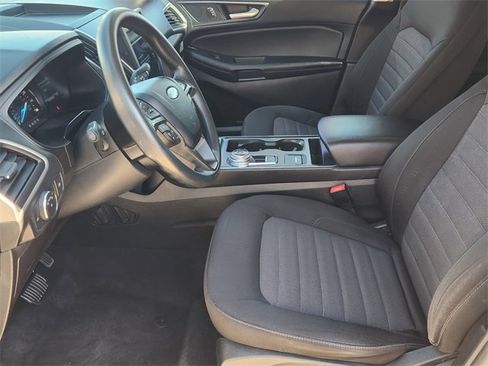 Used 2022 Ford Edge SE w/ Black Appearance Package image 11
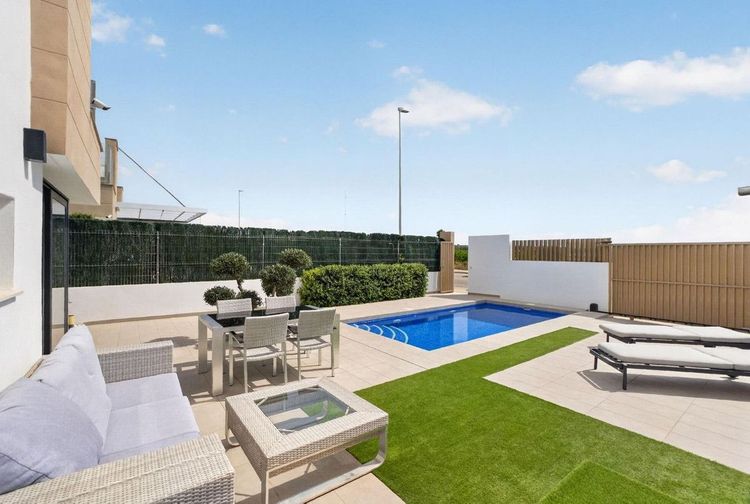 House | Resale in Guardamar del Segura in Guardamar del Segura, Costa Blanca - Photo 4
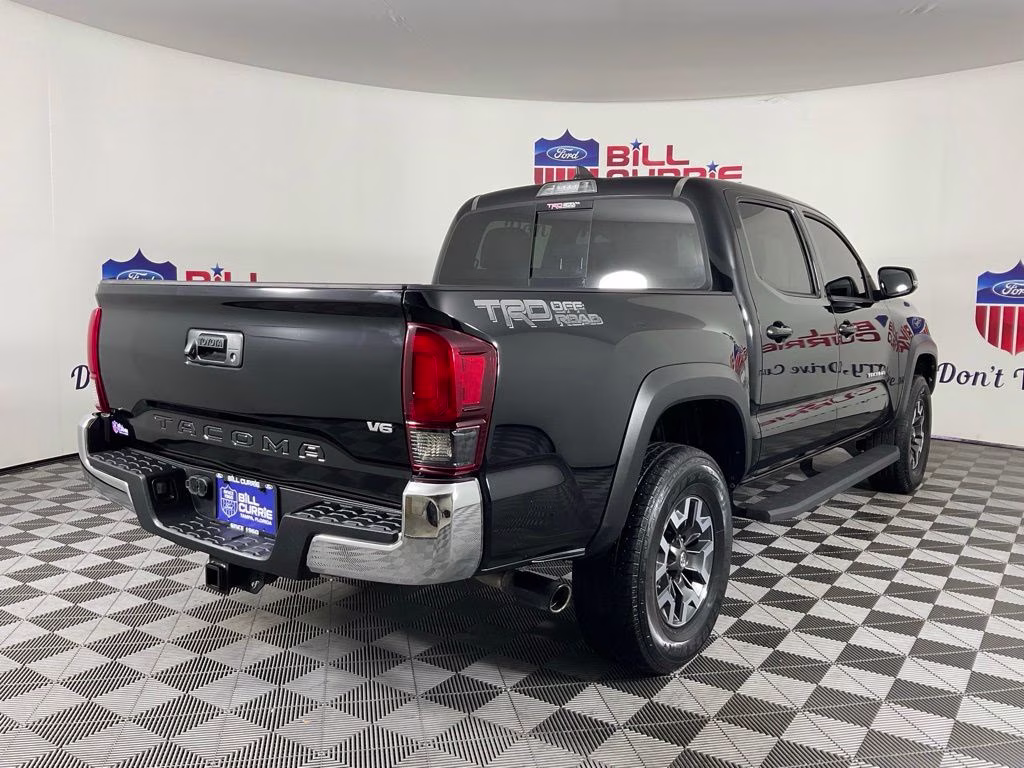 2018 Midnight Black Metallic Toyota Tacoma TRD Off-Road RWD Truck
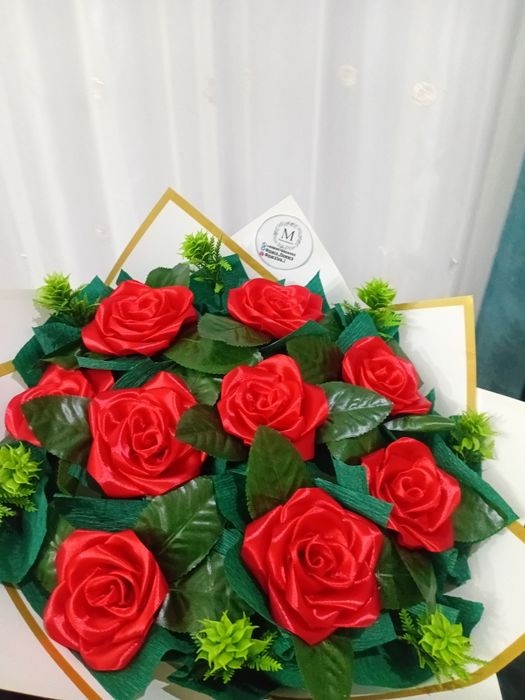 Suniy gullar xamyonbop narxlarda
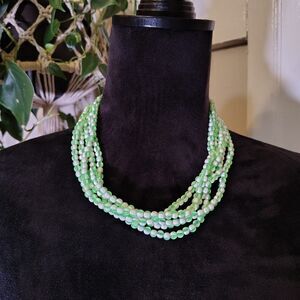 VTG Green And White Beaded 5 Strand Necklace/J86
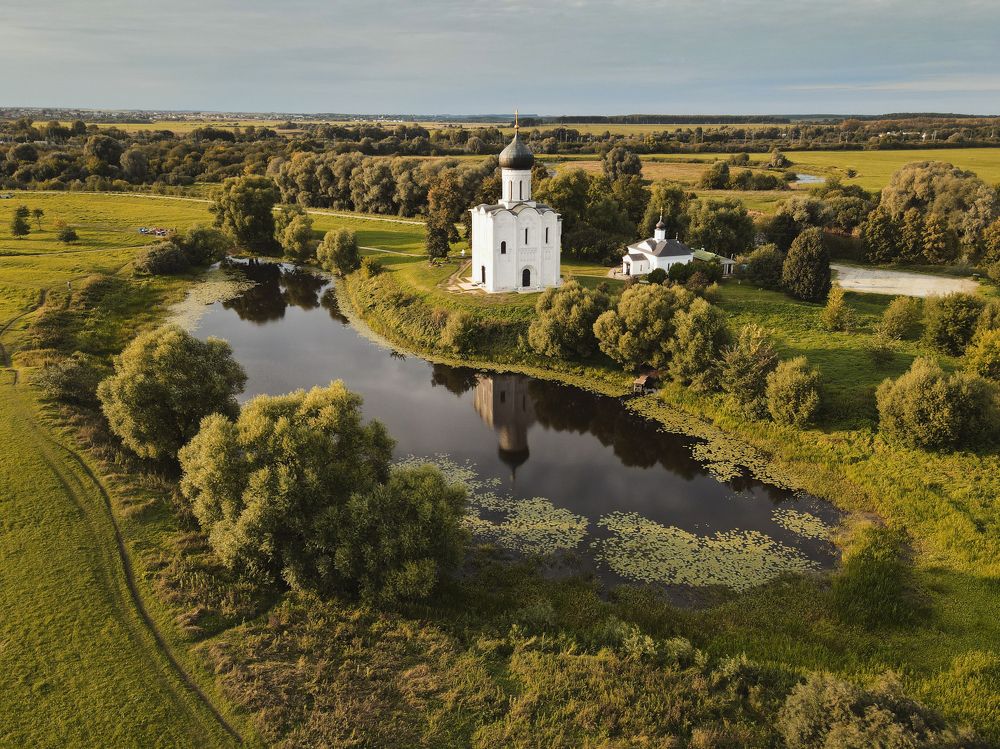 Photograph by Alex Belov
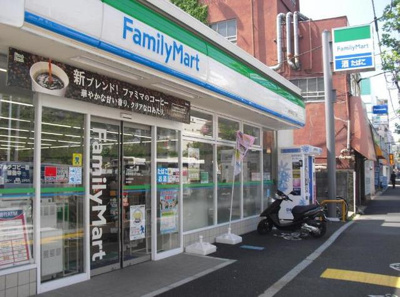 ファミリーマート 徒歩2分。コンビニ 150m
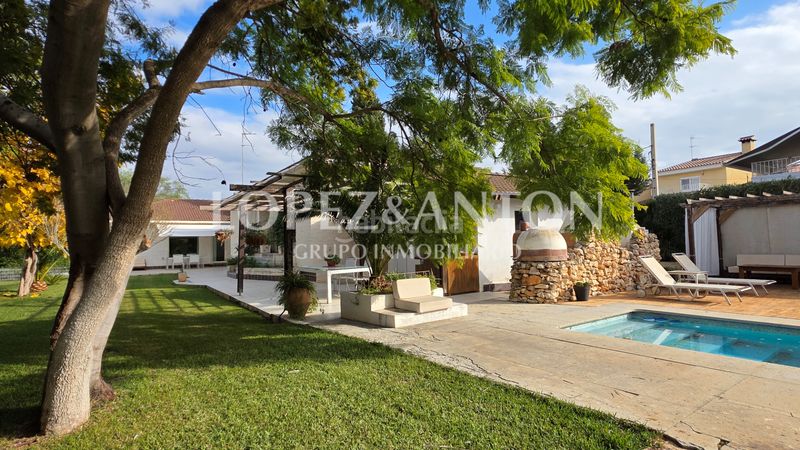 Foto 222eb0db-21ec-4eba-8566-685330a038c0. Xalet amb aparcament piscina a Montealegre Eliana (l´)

### Task to complete
The expected output is every line of the data, unchanged, with the pictures skipped.

### Response to the task
 Used 2022 Ford Edge SE w/ Black Appearance Package image 11
 House | Resale in Guardamar del Segura in Guardamar del Segura, Costa Blanca - Photo 4
 2018 Midnight Black Metallic Toyota Tacoma TRD Off-Road RWD Truck
 Suniy gullar xamyonbop narxlarda
 VTG Green And White Beaded 5 Strand Necklace/J86
 Photograph by Alex Belov
 ファミリーマート 徒歩2分。コンビニ 150m
 Foto 222eb0db-21ec-4eba-8566-685330a038c0. Xalet amb aparcament piscina a Montealegre Eliana (l´)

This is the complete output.